At a glance
Mixed-use tower with three levels of parking immediately beside the East Hastings viaduct. Our scope covered shoring and permanent underpinning at the bridge abutment, contaminated-site ESC design/monitoring, hydrogeotechnical seepage analysis and dewatering planning, permitting, and a bridge protection program accepted by the City.
Abutment foundation loads sat directly beside and above the future parkade walls, creating a major surcharge that a conventional basement wall could not safely absorb—especially under the City’s very tight movement tolerances at the viaduct. Our solution: isolate those loads with a permanent, anchored underpinning wall installed top-down ahead of excavation, designed for at-rest conditions and the bridge surcharge.
Working with the environmental consultant, we developed an erosion and sediment control (ESC) plan tailored to the site’s contaminated context, including protected catch basins, lined stockpiles, on-site sedimentation/treatment, wheel-wash protocols, and frequency-based monitoring. Discharge was routed to the sanitary system under a City permit with flow limits for 2- and 5-year storms; the plan also sets holding capacities and compliance with City bylaw and bulletin requirements.
Along Glen Drive we faced difficult excavation conditions: dense utilities, strict street surcharge limits, and no allowance for long-term encroachments. We used a mix of cantilever pipe-piles, tieback anchors, and deadman blocks with walers to control deflection while staying clear of ducts and vaults. Where anchors risked utility conflicts, we required exposure and casing to prevent drift. Street-side staging was governed by explicit setback/surcharge rules, and the ESC system was moved to the east side of Glen Drive to avoid loading the shoring.
We installed piezometers during site investigation and measured permeability of the granular/till units to inform seepage modeling and temporary dewatering. The data show perched water above low-permeability tills/bedrock; this supported a sump-based approach sized to seasonal conditions and aligned with our ESC treatment/permit pathway. We also prepared and submitted the water-use permit application for construction dewatering on behalf of the client.

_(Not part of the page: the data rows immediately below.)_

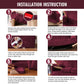 Velvet Plush 4 Piece Stretch Sofa Covers Couch Covers for 3 Cushion Couch 3 Seater Covers (Base Cover plus 3 Individual Cushion Covers) Feature Thick Soft Stay in Place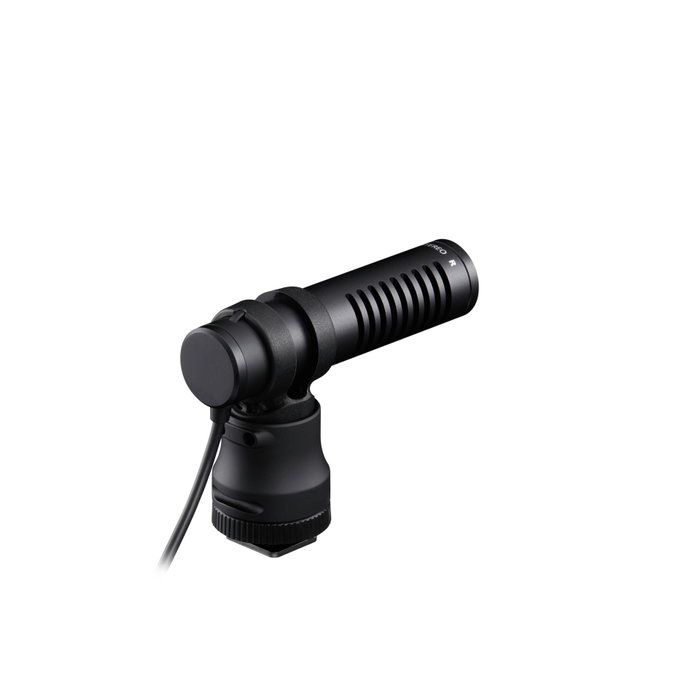 Canon DM-E100 Micrófono Estéreo Negro para Cámara Digital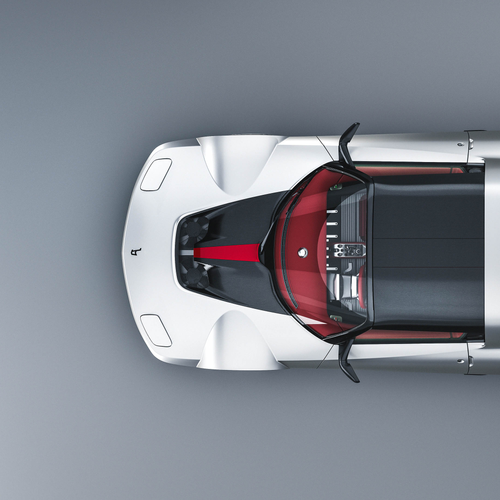 2026 Bertone Runabout Top View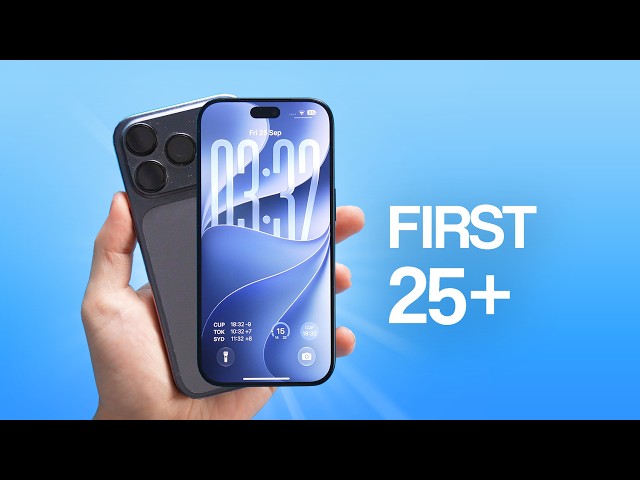 iPhone 18 Pro - First 25 Things To Do! (Tips & Tricks)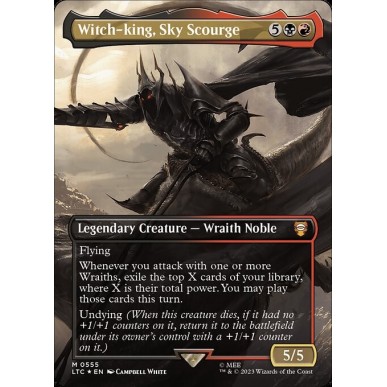 Witch-king, Sky Scourge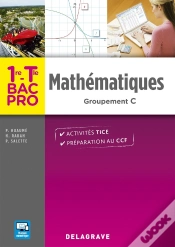 Capa do artigo Mathematiques 1e Term Bac Pro Groupement C Eleve
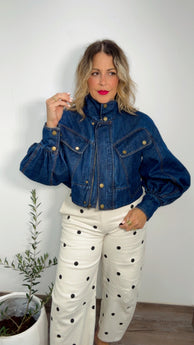 Cool Girl Denim Jacket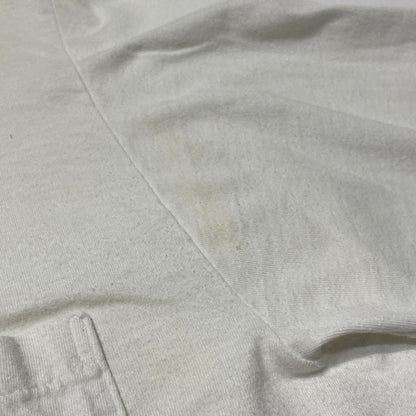 【現状渡し品】【メンズ】 GAP ギャップ USA L/S TEE アメリカ製 ロング スリーブ Tシャツ 長袖 トップス 147-260807-sa-09-tei サイズ：XL カラー：ホワイト 万代Net店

Ultra-tight movement thresholds. Our monitoring plan set the first/green threshold at 5 mm vertical and 5 mm horizontal on the abutment; amber at 5–8 mm; and a red “stop-work” threshold that, if reached, would trigger the pre-approved bridge-closure detour plan with traffic control on standby. Because the closure trigger sat so close to the green/amber bands, we tailored the underpinning design, staged excavation, and anchor testing (sacrificial performance tests and proof/performance testing of every permanent tieback) to keep movements essentially zero.
Our viaduct monitoring plan defined green/amber/red movement thresholds, stop-work/restart procedures, reporting cadence, and communications. Field instruments included survey prisms, crack gauges, tilt sensors, and scheduled walk-throughs. A traffic control bridge-closure detour was pre-planned and accepted by the City to protect the public if red criteria were ever reached. Post-construction provisions keep limited monitoring in place.
With thresholds this tight, recorded movement was only ~1 mm, well within the green band—considerably stricter than typical industry shoring tolerances—demonstrating that the permanent underpinning, sequencing, and testing strategy effectively protected the viaduct while advancing the excavation.
By combining permanent underpinning, street-side shoring tailored to utilities and surcharges, and permit-aligned ESC/dewatering, we advanced excavation and structure while keeping the viaduct and public realm within movement and environmental limits.